Wo die Freiheit angegriffen wird, muss sie verteidigt werden

Die Regierungen der Welt versus WikiLeaks – das ist die Aufstellung im ersten Cyber-War. Und das Auffälligste daran ist: Praktisch alle Politiker, aber auch ganz viele liberale Journalisten und sehr viele normale Bürger finden, dass Wikileaks irgendwie zu weit geht. Dass das nicht mehr nur „investigativer Journalismus“ sei, sondern den Staat selbst funktionsuntüchtig machen würde. Dass das, was Wikileaks macht, vom Recht auf Medien- und Informationsfreiheit nicht gedeckt sei. Dass die massive Verfolgung der Wikileaks-Leute doch irgendwie gerechtfertigt sei. Aber lässt sich das wirklich begründen? Nein, wie man die Dinge auch dreht und wendet: Wikileaks tut substantiell nicht so viel was anders als andere investigativ arbeitende Medien. Warum soll dann aber ihre Tätigkeit nicht von der Informationsfreiheit gedeckt sein?
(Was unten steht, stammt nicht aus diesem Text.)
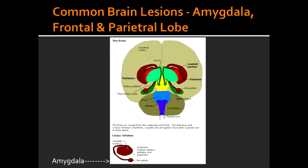What are the consequences of amygdala lesions bilaterally? If there is an amygdala lesion bilaterally, it can lead to Kluver-Busey Syndrome. Kluver-Busey Syndrome is a condition in which the individual will have hyperorality, hypersexuality, and disinhibited behavior.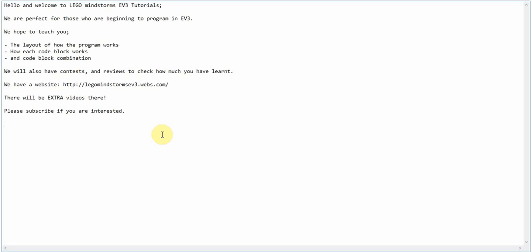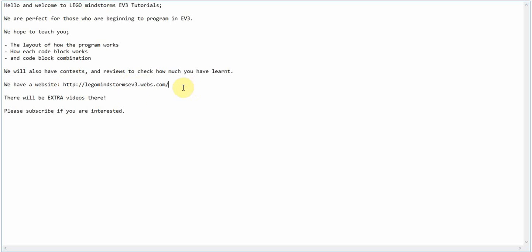We will also have contests and reviews to check how much you have learned. We have a website right here—this is the link. If you go to the channel, you can view it there. There will be extra videos at the website.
Und selbst wenn man Vorbehalte gegenüber Wikileaks haben und Julian Assange für eine etwas sonderliche Figur halten mag: Wie hier von einer Supermacht mit Hilfe von globalen Quasi-Monopolfirmen gegen eine kleine NGO geschossen wird, die vor ein paar Monaten noch nicht mehr als fünf Full-Time-Mitarbeiter hatte, ist völlig unverhältnismäßig. Wenn man sich hier nicht klar auf die Seite der Freiheit stellt, braucht man sich nicht wundern, was nachkommt: der schreckliche US-Senator Joe Lieberman fordert prompt schon ein Verfahren gegen die New York Times.